The objectives of the NESG include building a first-class research institution to help support stakeholders in the execution of policies, articulate programs and strategies in response to any emerging trends in national and world economy and having a clear economic action agenda.

History
At the First Summit in February 1993, national leaders explored 1992-2020 global scenarios and defined the principles for building a competitive economy in Nigeria, across what the delegates called 'New Frontiers'. This consisted of Education, Stabilization, Privatisation, Deregulation, Infrastructurisation, and Democratisation. After days of dialogue and deliberations, the Federal Government at NES #1 adopted the underlying economic philosophy that would be the premise of 21st Century Nigeria.

Over successive Economic Summits, this economic philosophy formed the basis of reform proposals culminating in several National Development Agendas. By NES#3 (1996), the National Stakeholder Consensus was that there was a need for a National Vision. This Summit proposed a National Vision Statement for Nigeria by 2025: “Nigeria will be a well ordered, well-governed, just and prosperous nation, united in a sustained endeavor”. It also proposed a 'Change Program' from 1996 to 2010, laying the foundation for the 'Vision 2010' agenda.
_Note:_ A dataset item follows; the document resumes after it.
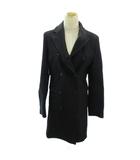 プラダ PRADA ヴィンテージ チェスターコート ダブル ナイロン ロング丈 黒 ブラック 0107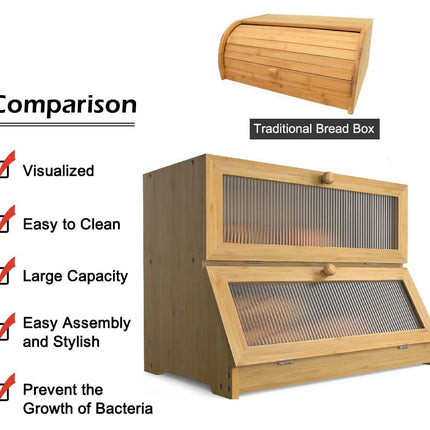 Double Layer Bamboo Bread Box for Kitchen Counter with Large Capacity and Clear Window.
Following the extensive recommendations of the NES#3, Nigeria's 'Vision 2010' Committee, consisting of 240 members who were primarily from the NESG, submitted the 'Vision 2010' report; hence NES#4 was dedicated to its implementation.

By 2001, Nigeria had transformed into a modern 21st-Century African Democracy and with a growth rate of 10%. World Bank Reports noted Nigeria in the 'MINT' nations with the economic potential to join the 'BRICS' nations, as well as the top league of 20 most prosperous nations in the world. The need for a more robust and ambitious agenda was recommended. This led to the articulation of the 'National Economic Empowerment Development Strategy (NEEDS)' and the corresponding 'State Economic Empowerment Development Strategies (SEEDS)' in NES#10 and its subsequent implementation in NES#11 in 2005. With the NEEDS-SEEDS synergies in place, the National Stakeholders noted the lack of clarity in terms of Nigeria's Vision on a Sector-by-Sector basis, and in cognizance of the global narratives of Nigeria joining the league of 20, in the middle of successful on-going reforms across sectors like Telecommunications, Transportation, Banking and Finance and Pensions. This led to the 2007 Summit Agenda Theme: 'Nigeria: Positioning for the Top 20 League', which was accentuated by the articulation of the 'Vision 20:2020'.  Nigeria's 'Vision 20:2020' was, therefore, an NES-inspired national effort aimed at growing and developing Nigeria, Africa's most populous nation, and bringing her to the league of the world's 20 leading economies by the year 2020.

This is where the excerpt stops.